The input consists of several test cases. The first line of each test case contains a single integer n that indicates the number of points in the set (1 <= n<= 6). The second line contains three integers that represent the (x, y, z) integer coordinates of a corner of the box, and the third line contains the (x, y, z) integer coordinates of the opposite corner of the box. The next n lines of the test case contain three integers each, representing the (x, y, z) coordinates of the points in the set. The box has non-zero length in each dimension and its sides are parallel to the coordinate axes.

The input is terminated by the number zero on a line by itself.

Output 

For each test case print one line of output consisting of the test case number followed by the volume of the box not occupied by balloons. Round the volume to the nearest integer.
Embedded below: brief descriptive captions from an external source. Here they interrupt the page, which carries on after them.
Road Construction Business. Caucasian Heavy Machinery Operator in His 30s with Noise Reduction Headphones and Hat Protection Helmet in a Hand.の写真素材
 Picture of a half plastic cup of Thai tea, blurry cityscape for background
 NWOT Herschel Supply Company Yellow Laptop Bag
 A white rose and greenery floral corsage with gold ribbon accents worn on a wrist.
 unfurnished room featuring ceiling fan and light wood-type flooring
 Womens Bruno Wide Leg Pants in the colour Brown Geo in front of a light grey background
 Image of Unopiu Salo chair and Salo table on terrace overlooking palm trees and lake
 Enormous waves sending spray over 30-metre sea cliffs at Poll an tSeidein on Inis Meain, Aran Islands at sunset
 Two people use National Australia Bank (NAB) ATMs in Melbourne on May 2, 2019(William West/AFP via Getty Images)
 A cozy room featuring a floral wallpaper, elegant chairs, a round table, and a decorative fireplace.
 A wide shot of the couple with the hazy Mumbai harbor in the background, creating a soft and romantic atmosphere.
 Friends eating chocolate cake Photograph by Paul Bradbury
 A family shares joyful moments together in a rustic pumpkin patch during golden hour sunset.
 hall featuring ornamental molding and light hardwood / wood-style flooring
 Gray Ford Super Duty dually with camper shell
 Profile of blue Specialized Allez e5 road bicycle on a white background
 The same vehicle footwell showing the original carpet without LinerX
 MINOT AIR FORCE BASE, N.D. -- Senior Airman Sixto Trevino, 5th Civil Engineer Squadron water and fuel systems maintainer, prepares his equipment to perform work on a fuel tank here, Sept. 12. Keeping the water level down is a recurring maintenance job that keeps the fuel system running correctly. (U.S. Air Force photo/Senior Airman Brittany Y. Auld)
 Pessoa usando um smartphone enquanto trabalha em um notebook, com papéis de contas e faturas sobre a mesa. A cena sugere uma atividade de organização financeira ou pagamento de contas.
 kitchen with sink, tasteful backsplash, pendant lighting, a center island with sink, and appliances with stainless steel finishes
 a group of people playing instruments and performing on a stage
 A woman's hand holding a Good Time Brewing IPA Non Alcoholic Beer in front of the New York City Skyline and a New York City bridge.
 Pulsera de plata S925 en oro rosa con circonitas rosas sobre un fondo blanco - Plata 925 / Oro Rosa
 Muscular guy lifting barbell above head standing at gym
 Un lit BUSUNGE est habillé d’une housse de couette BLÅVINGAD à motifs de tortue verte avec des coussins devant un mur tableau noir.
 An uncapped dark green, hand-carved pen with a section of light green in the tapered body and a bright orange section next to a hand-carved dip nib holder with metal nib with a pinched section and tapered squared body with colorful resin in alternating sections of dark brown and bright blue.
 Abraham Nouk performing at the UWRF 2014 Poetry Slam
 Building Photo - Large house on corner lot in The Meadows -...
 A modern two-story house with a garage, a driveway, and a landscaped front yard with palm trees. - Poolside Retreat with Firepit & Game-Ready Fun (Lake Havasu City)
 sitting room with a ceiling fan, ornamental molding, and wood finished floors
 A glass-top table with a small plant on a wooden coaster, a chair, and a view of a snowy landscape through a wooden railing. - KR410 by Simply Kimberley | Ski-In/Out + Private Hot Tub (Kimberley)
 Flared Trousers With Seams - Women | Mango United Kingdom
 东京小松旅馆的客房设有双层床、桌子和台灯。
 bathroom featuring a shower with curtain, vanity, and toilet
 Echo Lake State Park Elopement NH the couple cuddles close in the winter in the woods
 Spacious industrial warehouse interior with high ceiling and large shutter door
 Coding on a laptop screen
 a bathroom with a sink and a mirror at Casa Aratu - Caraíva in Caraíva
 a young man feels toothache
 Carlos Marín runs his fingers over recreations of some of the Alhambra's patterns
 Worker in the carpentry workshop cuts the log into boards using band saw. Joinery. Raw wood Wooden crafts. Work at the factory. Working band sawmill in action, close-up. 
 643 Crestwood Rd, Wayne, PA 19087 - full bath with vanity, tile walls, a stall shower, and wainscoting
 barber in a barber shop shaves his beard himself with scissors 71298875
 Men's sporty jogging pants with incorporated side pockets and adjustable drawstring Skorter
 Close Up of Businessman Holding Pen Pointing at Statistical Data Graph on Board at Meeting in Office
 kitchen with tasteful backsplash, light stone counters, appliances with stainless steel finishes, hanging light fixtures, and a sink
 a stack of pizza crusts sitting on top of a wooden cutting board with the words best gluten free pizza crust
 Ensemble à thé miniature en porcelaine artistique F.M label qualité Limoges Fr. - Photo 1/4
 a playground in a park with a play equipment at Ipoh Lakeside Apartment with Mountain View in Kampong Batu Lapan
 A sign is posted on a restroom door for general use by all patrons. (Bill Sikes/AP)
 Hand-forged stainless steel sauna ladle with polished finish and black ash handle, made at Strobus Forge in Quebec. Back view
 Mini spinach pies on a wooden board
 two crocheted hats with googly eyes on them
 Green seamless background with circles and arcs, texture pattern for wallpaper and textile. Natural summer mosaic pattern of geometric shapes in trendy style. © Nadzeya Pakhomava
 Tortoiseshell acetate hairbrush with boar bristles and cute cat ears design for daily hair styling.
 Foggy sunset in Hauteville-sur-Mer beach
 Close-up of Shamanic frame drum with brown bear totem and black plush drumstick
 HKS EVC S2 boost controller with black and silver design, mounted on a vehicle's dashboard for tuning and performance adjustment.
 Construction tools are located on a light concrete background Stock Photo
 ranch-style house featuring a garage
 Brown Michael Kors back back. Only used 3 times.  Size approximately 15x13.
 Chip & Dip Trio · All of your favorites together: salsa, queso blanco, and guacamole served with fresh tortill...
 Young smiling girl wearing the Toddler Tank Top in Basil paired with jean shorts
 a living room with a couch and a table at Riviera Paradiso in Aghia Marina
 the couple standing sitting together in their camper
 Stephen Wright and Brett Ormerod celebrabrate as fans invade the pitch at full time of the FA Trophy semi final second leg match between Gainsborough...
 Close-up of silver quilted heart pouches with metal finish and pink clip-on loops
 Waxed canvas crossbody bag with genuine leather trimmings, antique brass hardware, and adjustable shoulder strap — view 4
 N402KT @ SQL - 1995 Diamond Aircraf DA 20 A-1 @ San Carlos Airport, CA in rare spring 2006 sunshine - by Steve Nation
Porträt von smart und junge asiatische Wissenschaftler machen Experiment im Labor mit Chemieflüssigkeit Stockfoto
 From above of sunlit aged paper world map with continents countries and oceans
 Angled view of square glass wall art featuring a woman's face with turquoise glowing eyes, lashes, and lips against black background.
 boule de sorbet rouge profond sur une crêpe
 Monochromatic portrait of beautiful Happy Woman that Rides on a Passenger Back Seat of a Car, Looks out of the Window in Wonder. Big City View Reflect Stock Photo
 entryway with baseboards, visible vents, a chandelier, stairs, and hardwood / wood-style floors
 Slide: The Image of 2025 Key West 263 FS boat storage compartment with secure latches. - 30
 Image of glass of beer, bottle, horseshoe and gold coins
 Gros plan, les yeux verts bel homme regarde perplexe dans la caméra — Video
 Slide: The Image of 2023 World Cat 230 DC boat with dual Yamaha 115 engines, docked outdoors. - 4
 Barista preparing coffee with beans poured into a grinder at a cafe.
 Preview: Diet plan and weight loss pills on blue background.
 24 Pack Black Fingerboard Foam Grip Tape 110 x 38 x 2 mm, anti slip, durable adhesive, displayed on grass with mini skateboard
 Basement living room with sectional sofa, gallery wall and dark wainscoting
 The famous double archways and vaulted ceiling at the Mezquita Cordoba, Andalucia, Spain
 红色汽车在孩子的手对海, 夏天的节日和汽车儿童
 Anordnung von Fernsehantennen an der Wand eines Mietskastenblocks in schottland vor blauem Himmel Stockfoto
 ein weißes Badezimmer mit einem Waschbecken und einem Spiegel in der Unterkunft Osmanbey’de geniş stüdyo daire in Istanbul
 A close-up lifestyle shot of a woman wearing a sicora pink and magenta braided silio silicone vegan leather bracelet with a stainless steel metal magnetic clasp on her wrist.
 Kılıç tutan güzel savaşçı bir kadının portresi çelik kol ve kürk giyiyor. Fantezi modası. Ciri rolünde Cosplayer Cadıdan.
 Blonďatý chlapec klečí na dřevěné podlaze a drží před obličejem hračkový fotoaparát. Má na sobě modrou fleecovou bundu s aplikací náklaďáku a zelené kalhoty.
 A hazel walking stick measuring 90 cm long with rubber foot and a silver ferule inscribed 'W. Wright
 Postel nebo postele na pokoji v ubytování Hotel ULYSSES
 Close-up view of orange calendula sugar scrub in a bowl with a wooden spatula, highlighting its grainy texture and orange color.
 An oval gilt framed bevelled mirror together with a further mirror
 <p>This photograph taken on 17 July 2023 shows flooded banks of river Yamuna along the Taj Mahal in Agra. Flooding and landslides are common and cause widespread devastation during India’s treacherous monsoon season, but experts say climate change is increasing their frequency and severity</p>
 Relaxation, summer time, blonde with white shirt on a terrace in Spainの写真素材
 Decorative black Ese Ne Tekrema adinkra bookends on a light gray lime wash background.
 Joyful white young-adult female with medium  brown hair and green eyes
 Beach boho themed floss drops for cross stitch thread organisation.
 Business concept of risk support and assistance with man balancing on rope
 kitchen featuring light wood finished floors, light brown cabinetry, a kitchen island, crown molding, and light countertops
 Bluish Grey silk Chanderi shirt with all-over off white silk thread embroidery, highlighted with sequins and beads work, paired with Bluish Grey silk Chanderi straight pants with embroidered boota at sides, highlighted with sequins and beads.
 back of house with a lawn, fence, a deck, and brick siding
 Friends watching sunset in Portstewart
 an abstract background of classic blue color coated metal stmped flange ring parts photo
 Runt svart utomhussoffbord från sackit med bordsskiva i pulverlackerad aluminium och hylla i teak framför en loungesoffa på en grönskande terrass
Follow the format in the sample output given below.

Place a blank line after the output of each test case.

Sample Input 

2 
0 0 0 
10 10 10 
3 3 3 
7 7 7 
0 

Sample Output 

Box 1: 774

#pragma comment(linker,"/STACK:102400000,102400000")
#include <cstdio>
#include <vector>
#include <cmath>
#include <queue>
#include <cstring>
#include <iostream>
#include <algorithm>
using namespace std;
#define INF 0x7fffffff
#define mod 1000000007
#define ll long long
#define maxn 105
const double pi = acos(-1.0);
struct point {double x, y, z;}b[maxn];
//const int maxk = 10 + 1, inf = ~0U >> 2;
double a[maxn], d[maxn];
int vis[maxn];
int n, m;
double ans;
double fun(point a, point b,int u){return max(0.0,sqrt((a.x - b.x)*(a.x - b.x) + (a.y - b.y)*(a.y - b.y)+(a.z - b.z)*(a.z - b.z)) - d[u]);}
double vf(double r){return pi*r*r*r / 3.0 * 4.0;}
void dfs(int u,int k){
    double s = 10000000;
    s = min(s, fabs(b[u].x - a[0]));
    s = min(s, fabs(b[u].x - a[3]));
    s = min(s, fabs(b[u].y - a[1]));
    s = min(s, fabs(b[u].y - a[4]));
    s = min(s, fabs(b[u].z - a[2]));
    s = min(s, fabs(b[u].z - a[5]));
    for (int i = 0; i < n; i++)
    if (i!=u&&vis[i])
        s = min(s,fun(b[u], b[i],i));
    if(k)d[u] = s;
    if (k == n){ans = max(ans, vf(d[0]) + vf(d[1]) + vf(d[2]) + vf(d[3]) + vf(d[4]) + vf(d[5])); return;}
    for (int i = 0; i < n; i++){
        if (vis[i])continue;
        vis[i] = 1;
        dfs(i,k+1);
        vis[i] = 0;
        d[i] = 0.0;
    }
}
int main(){
    int cas = 1;
    while (scanf("%d", &n) && n){
        scanf("%lf%lf%lf", &a[0], &a[1], &a[2]);
        scanf("%lf%lf%lf", &a[3], &a[4], &a[5]);
        for (int i = 0; i < n; i++)
            scanf("%lf%lf%lf", &b[i].x, &b[i].y, &b[i].z);
        ans = 0.0;
        dfs(0,0);
        printf("Box %d: ", cas++);
        printf("%.0lf\n\n", (fabs((a[3]-a[0])*(a[4]-a[1])*(a[5]-a[2]))-ans));
    }
    return 0;
}